Malheureusement, parmi ceux-ci, un jeune chaton a été happé par une voiture et un autre âgé de moins de cinq semaines n’a pas survécu malgré les efforts déployés pour le secourir. Des images poignantes montrent ces petits rescapés affamés et amaigris cherchant désespérément chaleur et réconfort.
Une situation alarmante
Les chiffres parlent d’eux-mêmes : entre le 16 juillet 2024 et le 15 juillet 2025, le ministère de l’Agriculture, des Pêcheries et de l’Alimentation (MAPAQ) a enregistré 151 signalements liés à des animaux vivant dans des conditions précaires ou abandonnés. Cela représente déjà 21 plaintes supplémentaires par rapport à l’année précédente.

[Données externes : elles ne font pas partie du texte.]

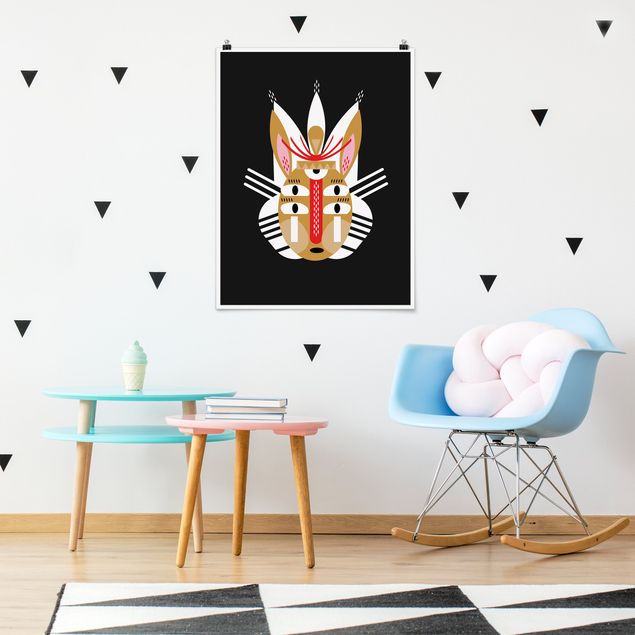 Poster cameretta bambini animali Maschera etnica a collage - Coniglio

Andrée Boisselle, bénévole responsable des soins à la Société protectrice du Littoral à Rimouski, partage son inquiétude face à cette recrudescence : « C’est de pire en pire ! On récupère de plus en plus de chats en très mauvais état ». Cette montée inquiétante pourrait être exacerbée par la hausse des frais vétérinaires et le manque d’accès aux soins nécessaires.
Vers une prise de conscience collective
Face à cette crise grandissante, Cathy Tremblay appelle chacun à prendre ses responsabilités. Elle propose même que tous les chats vendus dans son animalerie soient stérilisés afin d’enrayer ce cycle tragique : « Il faut agir ! Si les refuges et les animaleries stérilisaient les animaux, on réduirait une bonne partie du problème ».

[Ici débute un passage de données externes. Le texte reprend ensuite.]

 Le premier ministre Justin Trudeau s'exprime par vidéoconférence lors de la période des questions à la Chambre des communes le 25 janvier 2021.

Pourtant, trop souvent encore les propriétaires choisissent l’abandon sauvage plutôt que d’opter pour une solution humaine. Le Dr Vincent Paradis souligne également l’importance d’offrir des services préventifs aux citoyens afin d’éviter ces situations dramatiques.
Un avenir meilleur ?
Il existe pourtant des initiatives positives comme celles proposées par Proanima qui offre des cliniques gratuites ou peu coûteuses pour favoriser la stérilisation chez les personnes à faible revenu. Ces actions pourraient changer la donne si elles étaient davantage soutenues.
Dans ce contexte difficile où tant de vies sont mises en péril chaque jour, il est essentiel que chacun prenne conscience du rôle qu’il peut jouer dans le bien-être animal.
Ensemble nous pouvons faire entendre notre voix contre l’abandon ! Chaque geste compte dans cette lutte commune pour offrir un avenir meilleur aux compagnons félins qui apportent tant d’amour dans nos vies.